Alastair Cook, a captain uncertain in his game, continued to struggle, making 17 to follow scores of 17 and 28 in the first Test at Lord's. Headingley was the venue for his last Test century, but this year it was the source of more breast-beating. He fell to Dhammika Prasad, a bat dangler as he pushed forward half-heartedly, held low by Kumar Sangakkara at first slip.
Bowlers think that by maintaining a fuller length they have his measure. He will probably have to play forward for the rest of his Test career and he needs to find a response.
Robson's fifty had a dash of impatience as he forced Pradeep off the back foot between slip and gully. Concentration disturbed, he had a nibble at the next one and almost edged to the wicketkeeper.
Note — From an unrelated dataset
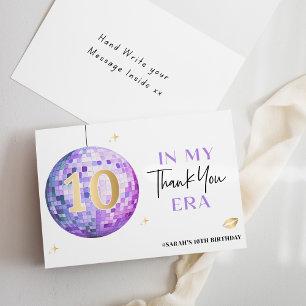 In My Double Digit Era Purple Disco 10 Birthday Thank You Card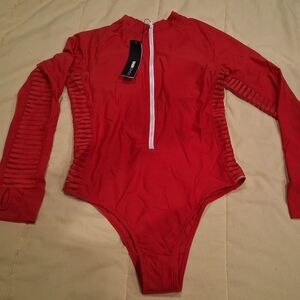 Red Long Sleeve Bodysuit with Zipper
Slim and fresh faced, he quietly admonished himself: a silent witness to his own error.
Ballance approaches an innings, one suspects, with less complexity. When Sri Lanka pitched the ball around off stump, his surname was inappropriate; he was liable to get into a tangle. If he was a forensic scientist, he would drop the odd test tube. Give him a clip off his hips, the chance to sweep the spinner or to cut off the back foot and he looks more at home.
It took a successful England review to spare him on 33 when umpire Billy Bowden adjudged him lbw to Rangana Herath as he trudged inelegantly into a straight ball, only for replays to show the ball turning high and wide of leg stump. Herath was again unfortunate when Ballance was dropped at short leg on 61, Kaushal Silva failing to get down to a catch by his right boot. He finally succumbed to an innocuous length delivery from Mathews which he guided to the wicketkeeper.
A more flamboyant player might have wanted their maiden hundred won or lost before tea, but not Robson. Bell contrived to give him three deliveries in the penultimate over, against the left-arm spin of Herath, but he could not pierce the off-side field. He gave him another three balls on strike in the last over, against Mathews, but he could only pick off a single. Bell gave him another single. One ball left, one could imagine him telling himself to play it on its merits: he blocked it.
He addressed that in the second over after tea - chasing a wide, full one from Prasad and guiding it through cover. He even then skipped down the pitch to deposit Herath over long-on for six - and he only has half-a-dozen of those in his first-class career.
But as the new ball came, and Robson departed, Sri Lanka infiltrated England's celebrations, leaving Cook's expression on the dressing room balcony a touch more troubled than it had been an hour before. Robson, like many a measured batsman before him, was most appreciated after he was gone.